■ Assignment
Could you output every record below exactly, leaving out the pictures?

━━━━━ Task input ━━━━━

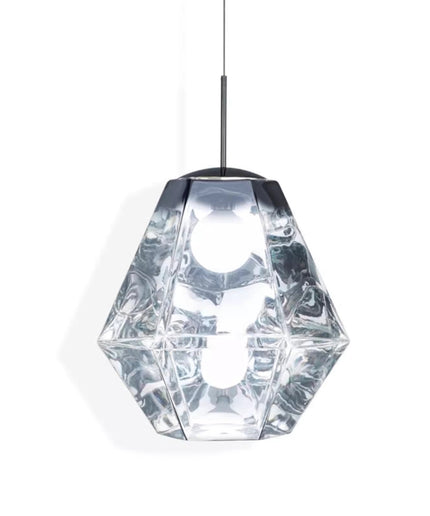 Pendant Light IRISSA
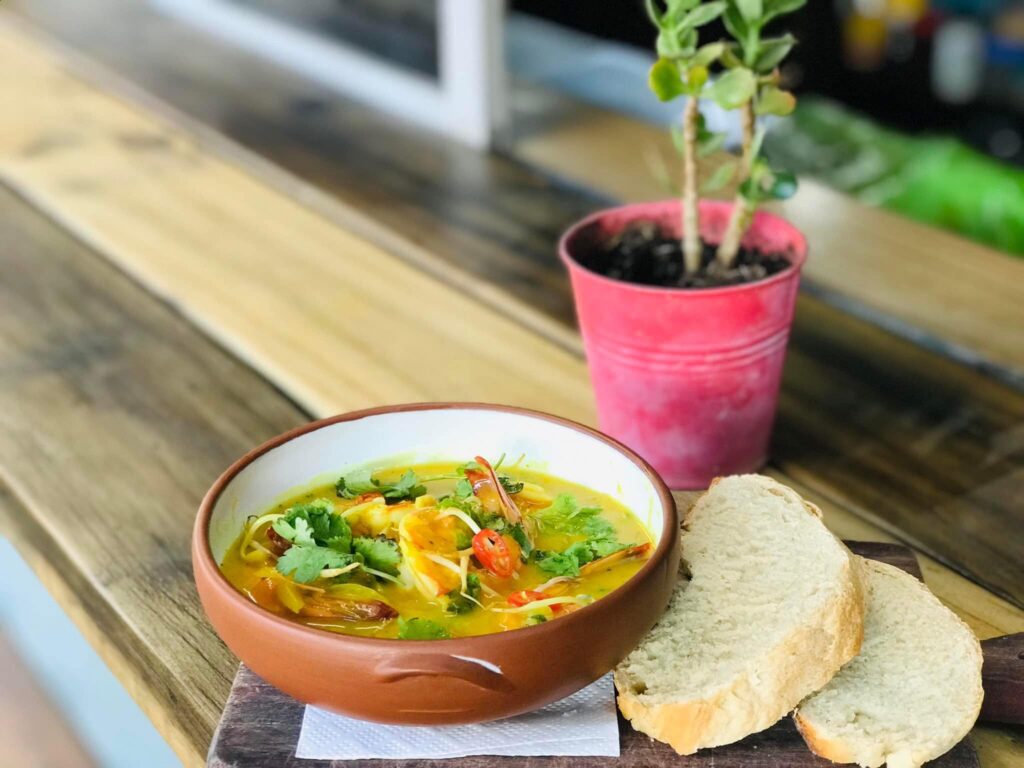 485364261_1044780361031644_1283659549791645608_n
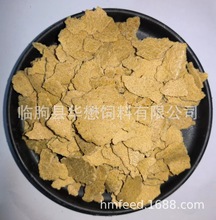 �S�����_��   ֬��10���� ����17 ˮ��10 ���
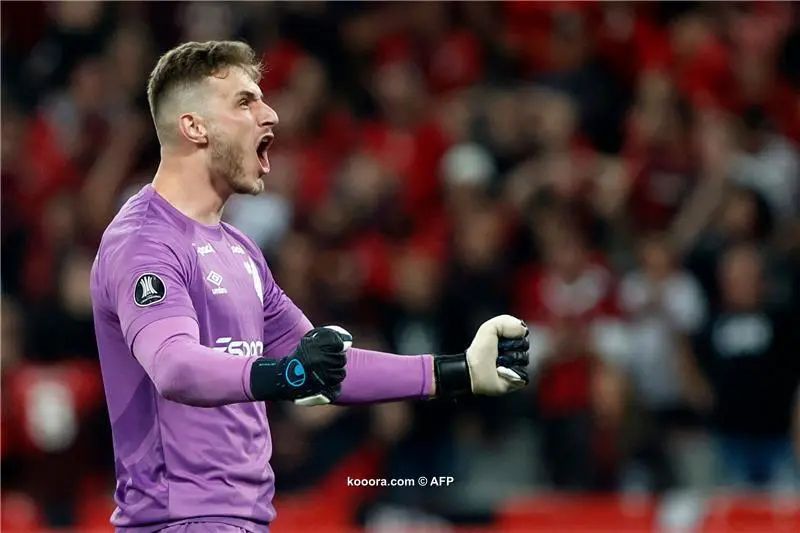 ?i=afp%2f20230419%2f20230419-afp_33df94u_afp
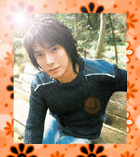 รูปภาพคอมเมนต์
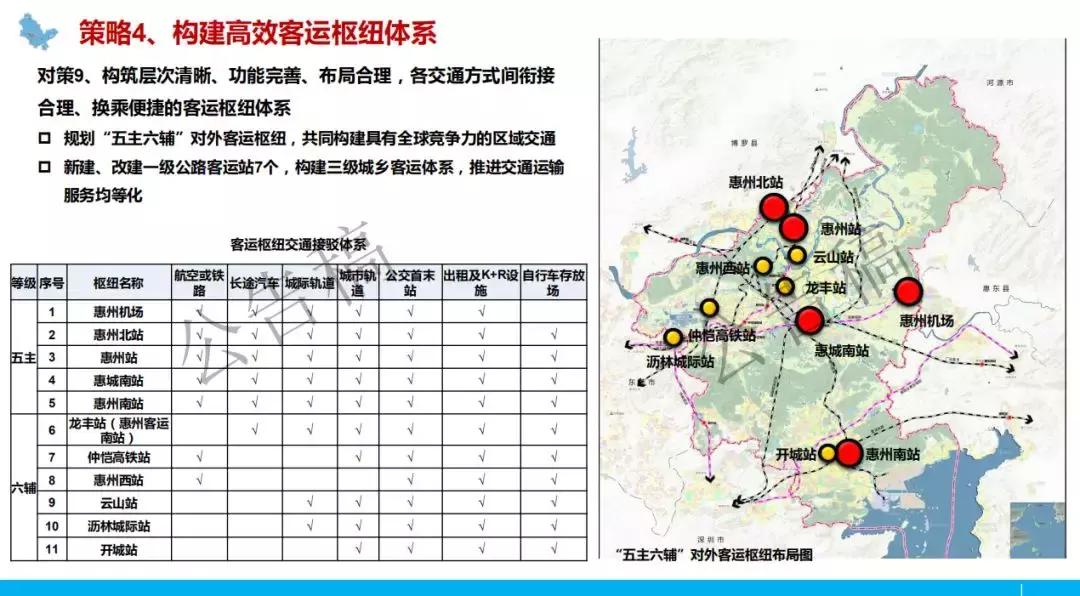 惠州招聘2035，未来已来，人才引领新篇章惠州招聘2025最新招聘印刷厂机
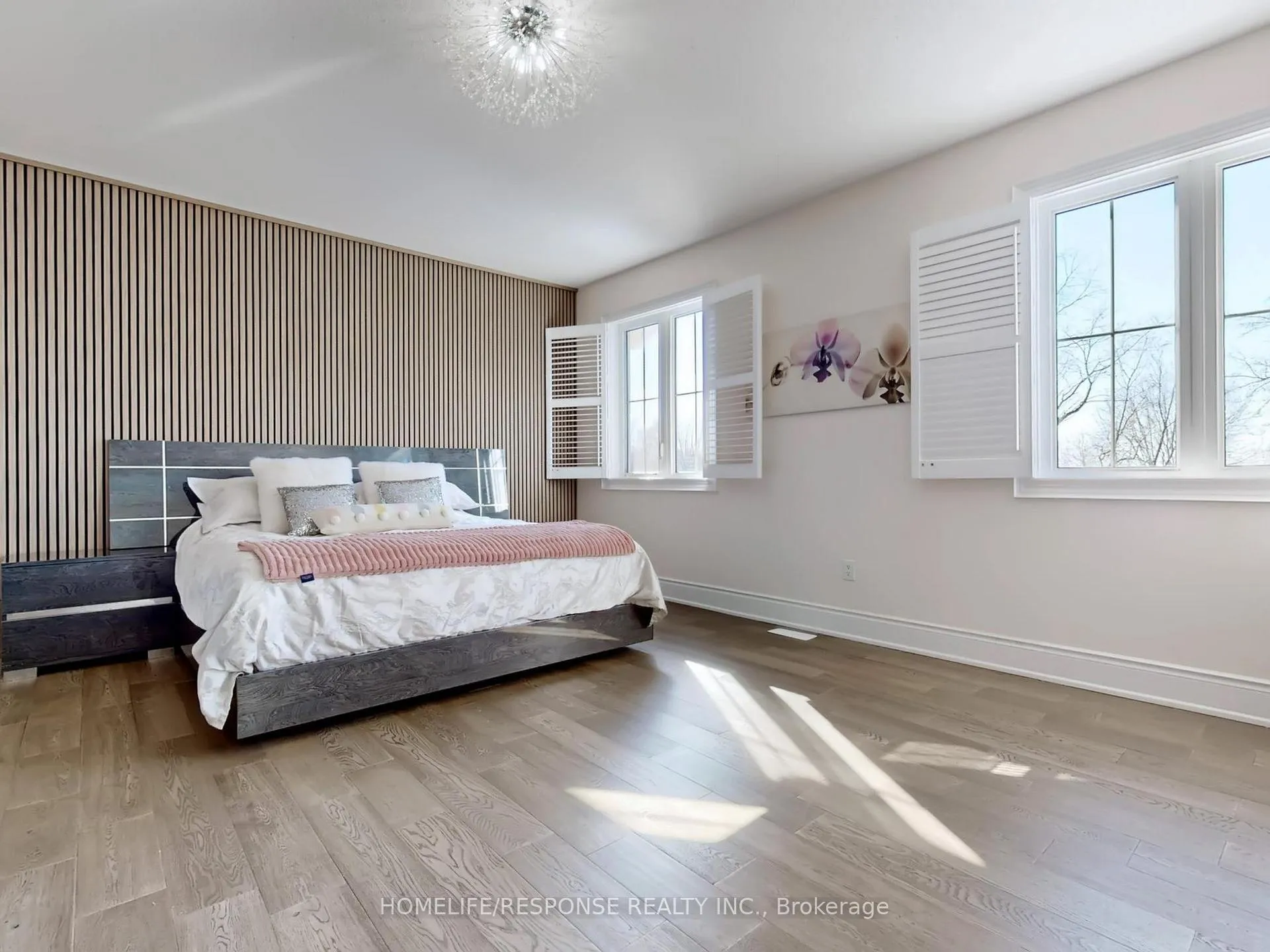Photo 23 of 141 Auckland Drive, Whitby, Rural Whitby — HOMEH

━━━━━

■ Solved problem
 Pendant Light IRISSA
 485364261_1044780361031644_1283659549791645608_n
 �S�����_��   ֬��10���� ����17 ˮ��10 ���
 ?i=afp%2f20230419%2f20230419-afp_33df94u_afp
 รูปภาพคอมเมนต์
 惠州招聘2035，未来已来，人才引领新篇章惠州招聘2025最新招聘印刷厂机
Photo 23 of 141 Auckland Drive, Whitby, Rural Whitby — HOMEH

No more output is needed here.